*Task details:*
Print the line containing "A lot of people", then every line after it through the end of the material, exactly as written and without pictures.

*Collected material:*
..............................

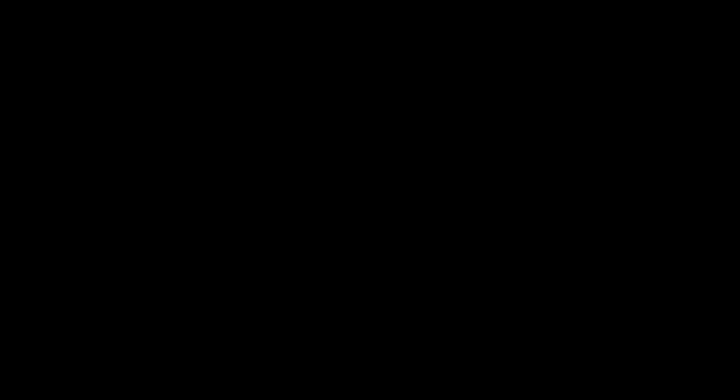Thanks for watching. If you want to learn exactly how to set up your routines using a periodization model, I highly recommend reading my ShredSmart program or Eric's book The Muscle and Strength Training Pyramid. You'll also learn what to do if you can't progress from month to month or if you miss workouts. ShredSmart is suitable for intermediates and lifestyle-oriented people, while the Muscle and Strength Training Pyramid is for advanced lifters looking to optimize training as much as possible. Thanks again for watching — make sure you subscribe to the channel.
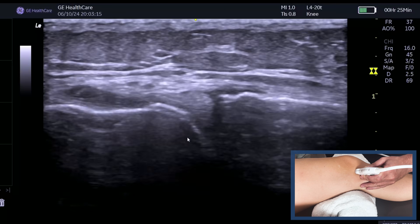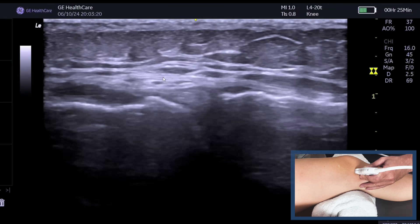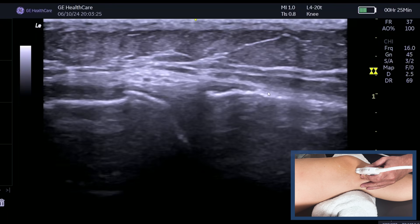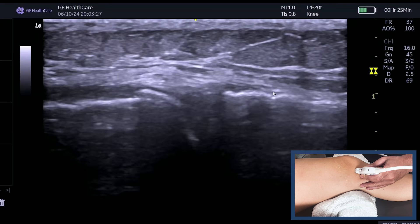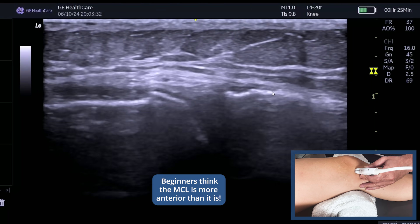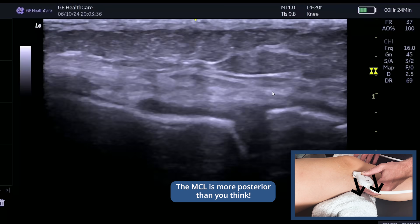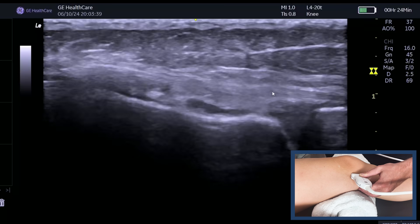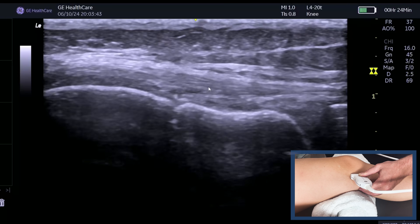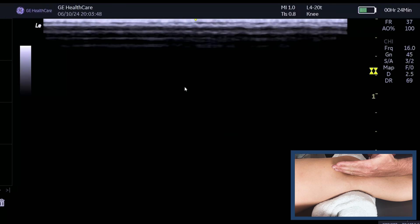A lot of people will show me images like this — do you think this is the best image we can get of the MCL going over the top? This is not a good image of the MCL at all. The reason is that this is too anterior. You've got to remember, particularly when the knee is towards extension, the MCL is more around the back of the knee. So we can start to see this lovely fibular pattern of the MCL.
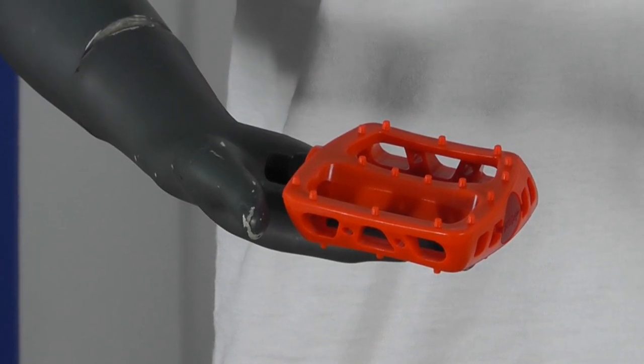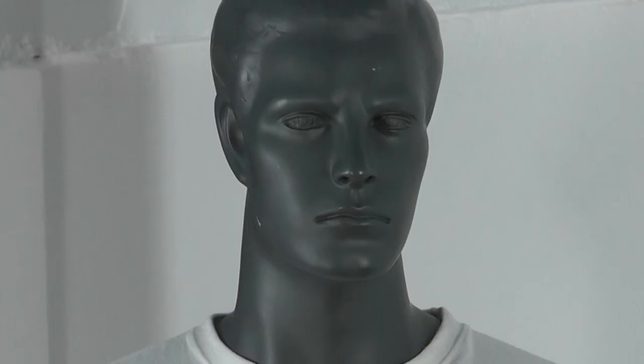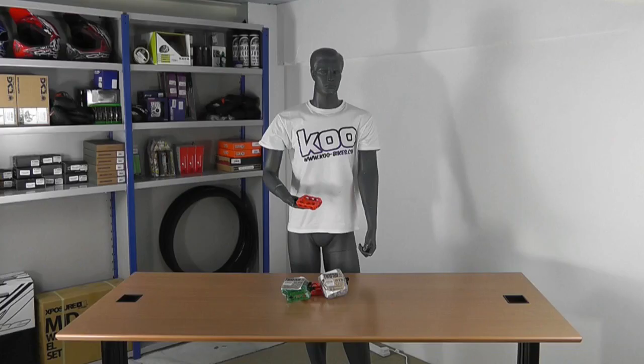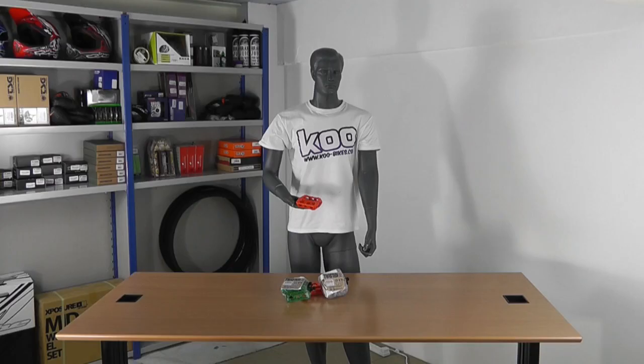They come in a half inch and 9 sixteenths and they're made of my favourite material, plastic. They're a lightweight concave design with a wide platform so your foot sits nicely right on the surface. These pedals come in so many colours I can't even remember them.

..............................

*Solution:*
A lot of people will show me images like this — do you think this is the best image we can get of the MCL going over the top? This is not a good image of the MCL at all. The reason is that this is too anterior. You've got to remember, particularly when the knee is towards extension, the MCL is more around the back of the knee. So we can start to see this lovely fibular pattern of the MCL.
They come in a half inch and 9 sixteenths and they're made of my favourite material, plastic. They're a lightweight concave design with a wide platform so your foot sits nicely right on the surface. These pedals come in so many colours I can't even remember them.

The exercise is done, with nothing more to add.